Given a string we have check contiguous substrings with same first and last characer.

Input:
abcab

Output:
7 (a,abca,b,bcab, c, a, b)

Naive Solution: T: O(n^2) S: O(1) 

    We initialize the count to length of the string as each and every element contribute to its length. 
     In the outer loop we will pick a element. In the inner loop we will compare it other elements and if they are equal we will increment the counter. 

Code:
import java.util.*;

public class Solution {
    
    public static void main(String[] args) {
        String str = "aba";
        char[] s = str.toCharArray();
        int len = s.length;
        int count = len;
        for(int i=0; i<len-1; i++){
            for(int j=i+1; j<len; j++){
                if(s[i]==s[j]){
                    count++;
                }
            }
        }
        System.out.print(count);
        
       }
}

Output:

4

Efficient Solution: O(n) time complexity

    As we see we will see a relationship between the character count and its contribution to the substring total. 

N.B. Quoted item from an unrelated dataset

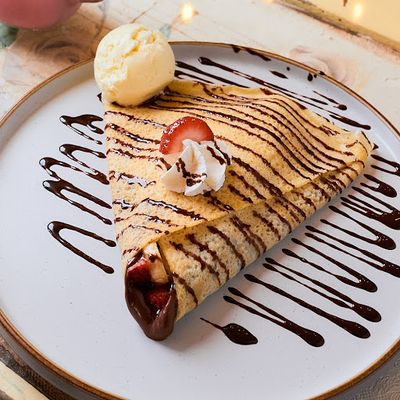 Crepa Nutella, Fresas & Banano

for example consider "aaaa"
   Count = 4 (a,a,a,a) + 3(aa,aa,aa) + 2(aa,aa) +1(a) = 10
   which is (count+1)C2 => (4*5) /2 = 10
It is number of ways of selecting 2 from 4 and selecting 1 + number of selecting 1 from 3
    = 4C2 + 4C1 = (4*3/1*2) +(4/1) = (6+4) = 10


Code:

import java.util.*;

public class Solution {
    
    public static void main(String[] args) {
        
        String str = "aaaab";
        char[] s = str.toCharArray();
        int len = s.length;
        int[] freq = new int[26];
        int count = 0;
        
        for(int i=0; i<len; i++){
           freq[s[i]-'a']++;
        }
        
        for(int i=0; i<26; i++){
            int n = freq[i];
            count += (( n * (n+1) )/ 2);
        }
        System.out.print(count);
        
       }
}

Output:

11